Vitória de Obrador e derrota para o Brasil? As decisões no México

Considerado no exterior como uma resposta populista a Trump, López Obrador foca nas demandas internas e na solidez econômica

EM CAMPANHA: em 13 anos como candidato, AMLO percorreu os 2.464 municípios mexicanos | Alan Ortega/ Reuters

Cidade do México — Mesmo depois da incrível façanha do 1 a 0 sobre a Alemanha — até porque depois dela veio o banho gelado sueco de 3 a 0 —, muitos mexicanos consideram que passar pelo Brasil nesta segunda-feira equivaleria a um milagre da Virgem Morena de Guadalupe, a padroeira nacional.

Neste domingo, em contrapartida, só um milagre tiraria a vitória do populista de esquerda Andrés Manuel López Obrador, líder do Movimento de Regeneração Nacional, que, por um notável golpe de marketing político, é conhecido pela sigla Morena, nome venerado pelos mexicanos.

É a terceira vez consecutiva que AMLO, como é conhecido, concorre à eleição presidencial. Os mandatos são de seis anos, sem reeleição. E não há segundo turno. Em 2006, sua derrota foi tão apertada, por 0,6%, que ele não a aceitou, e durante seis semanas seus seguidores, mobilizados pelos “movimentos sociais” e sindicatos, ocuparam o centro histórico da Cidade do México.

Em 2012, AMLO ficou bem mais longe de vencer, mas seguiu lutando — numa trajetória que lembra muito a de Luiz Inácio Lula da Silva. Dois anos depois, ele saiu do Partido da Revolução Democrática e fundou o Morena.

Junto com a sigla, adotou um discurso mais palatável. O líder anti-sistema que antes se recusava a fazer aliança com outros partidos costurou uma frente de esquerda.
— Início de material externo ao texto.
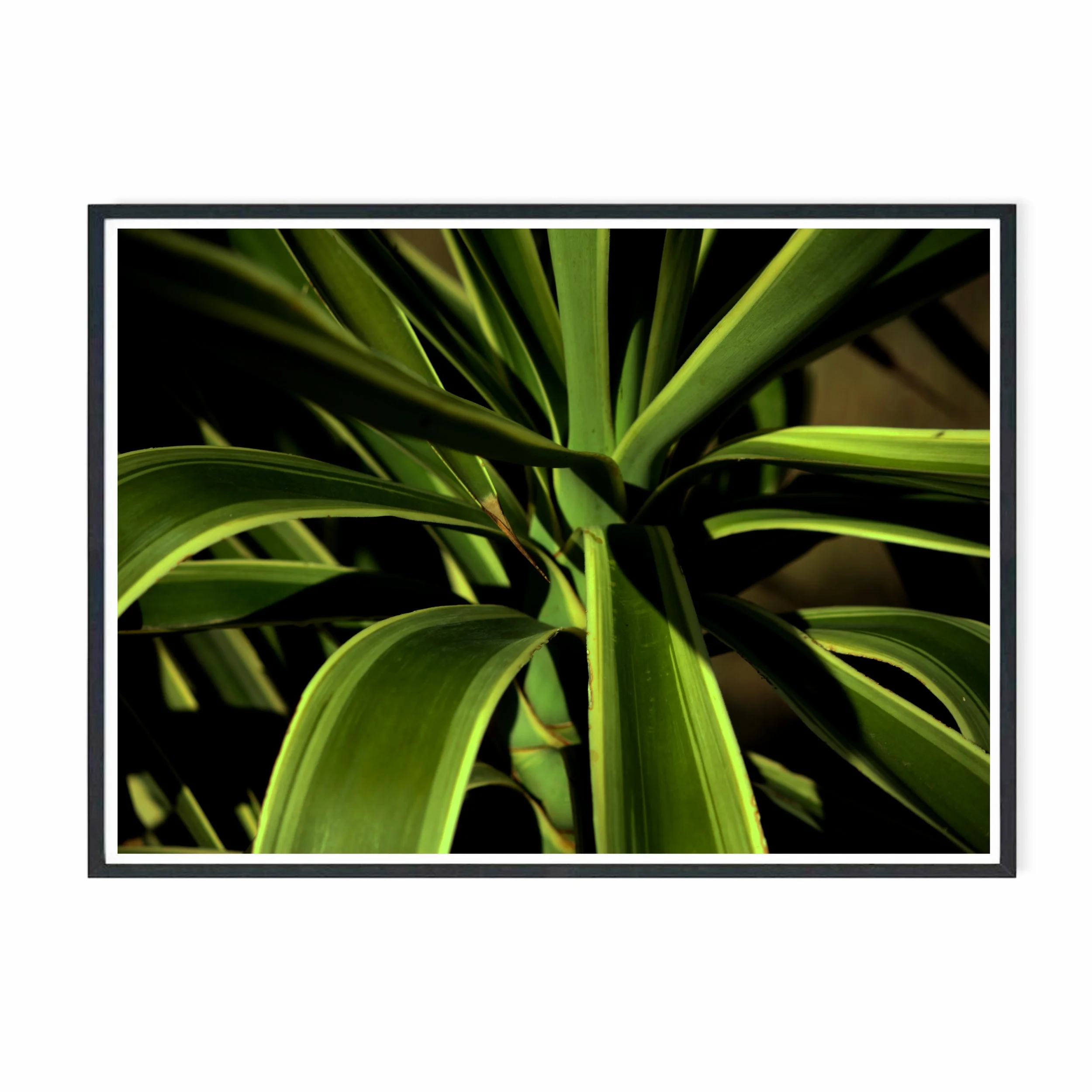 Yucca VI.jpg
E conseguiu canalizar a imensa frustração dos mexicanos com os políticos tradicionais.

“Mesmo tendo administrado a Cidade do México (entre 2000 e 2005) e sendo um político profissional, AMLO está aproveitando a onda contrária aos partidos e políticos tradicionais, que varre o mundo, incluindo o Brasil”, disse a EXAME Marcelo Ortega, diretor-geral da Consulta Mitofsky, mais importante instituto de pesquisas do México.

Ortega, que faz as sondagens de intenção de voto para a rede Televisa, avalia que, ao contrário do que se pensa fora do México, a hostilidade de Donald Trump contra o país não beneficiou a candidatura de López Obrador, no sentido de levar os mexicanos a eleger um nacionalista para fazer frente a outro.

Essa é também a visão de outros analistas, como Raymundo Tenorio, diretor do Departamento de Economia do Instituto de Tecnologia e Educação Superior (TEC), na Cidade do México. “Nos últimos 18 anos, posso contar nos dedos de uma mão as vezes em que ele se ocupou de política externa em seus discursos”, assegurou Tenorio a EXAME.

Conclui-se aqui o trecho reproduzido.